Last Week’s Markets in Review: Soft Landing Hopes Push Dow to All-Time High
Global equity markets finished higher for the week. In the U.S., the S&P 500 Index (S&P 500) closed the week at a level of 4,719, representing an increase of 2.52%, while the Russell Midcap Index moved 4.15% last week. Meanwhile, the Russell 2000 Index, a measure of the Nation’s smallest publicly traded firms, returned 5.60% over the week. As developed international equity performance and emerging markets were higher, returning 2.56% and 2.70%, respectively. Finally, the 10-year U.S. Treasury yield moved lower, closing the week at 3.91%.
The Federal Open Market Committee concluded 2023 by keeping a pause on interest rate activity after delivering four separate 25-basis point hikes throughout the year. The announcement was widely expected after recent lower inflation figures and higher unemployment data suggested that recent Fed actions are starting to impact the economy. For the first time in the current hiking cycle, the committee had somewhat dovish rhetoric by stating that “any” more policy tightening would require consideration of multiple factors, with the word “any” not appearing in any previous statements. Additionally, the updated Dot Plots point towards an expected 75 bps of cuts in 2024, above the previous projection of 50. The plots also suggested 100 bps of cuts in 2025 and another 75 bps in 2026, equating to a possible 250 bps (i.e., 2.50%) of rate cuts over the next three years.
The updated forecasts and commentary from the Fed helped drive equity markets higher last week. In particular, the Dow Jones Industrial Average index (Dow) reached an all-time high by crossing over the 37,000 plateau. The index had not surpassed a level of 36,952 since its previous all-time high was reached on January 5, 2022. Beyond the 30 stocks that represent the Dow Jones Index, the S&P 500 is now less than 2% away from reaching all-time highs itself, and the Nasdaq 100 index sits less than 8% from its highs also previously set in January of 2022.
Heading into 2023, there was great speculation amongst market participants about whether the Fed could create a soft landing for the economy after it aggressively raised interest rates in 2022 and significantly cut down the size of its balance sheet. As we stand in the year’s final weeks, there appears to be a greater likelihood of avoiding a recession, boosting investor sentiment. Despite the positive commentary, patience will be paramount during the remainder of this rate hike cycle. Although inflation has eased, it is still too high, and to get to a 2% target, interest rates will likely “stay higher for longer.” Overall, our outlook for lower rates, yields, and inflation over the next two to three years remains intact, creating opportunities in both stocks and bonds for investors to consider. However, we believe it prudent for individual investors to speak with financial professionals, especially as we head into 2024, to help ensure their investments are positioned according to their specific risk tolerances, time horizons, and objectives.
Best wishes for the week ahead, and Happy Holidays to all!

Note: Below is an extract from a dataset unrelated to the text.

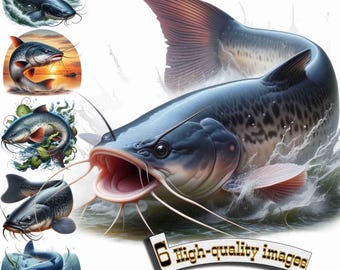 6 Catfish Clipart, Catfish Clipart PNG, Fishing, Digital Graphic, Instant Download, Catfish printable, sublimation design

Equity Market, Fixed Income returns, and rates are from Bloomberg as of 12/15/23. Economic Calendar Data from Econoday as of 12/18/23. International developed markets are measured by the MSCI EAFE Index, emerging markets are measured by the MSCI EM Index, and U.S. Large Caps are defined by the S&P 500 Index. Sector performance is measured using the GICS methodology.

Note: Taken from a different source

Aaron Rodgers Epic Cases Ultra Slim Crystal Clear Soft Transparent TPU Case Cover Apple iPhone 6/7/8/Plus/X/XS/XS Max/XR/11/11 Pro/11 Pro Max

Disclosures: Past performance does not guarantee future results. We have taken this information from sources that we believe to be reliable and accurate. Hennion and Walsh cannot guarantee the accuracy of said information and cannot be held liable. You cannot invest directly in an index. Diversification can help mitigate the risk and volatility in your portfolio but does not ensure a profit or guarantee against a loss.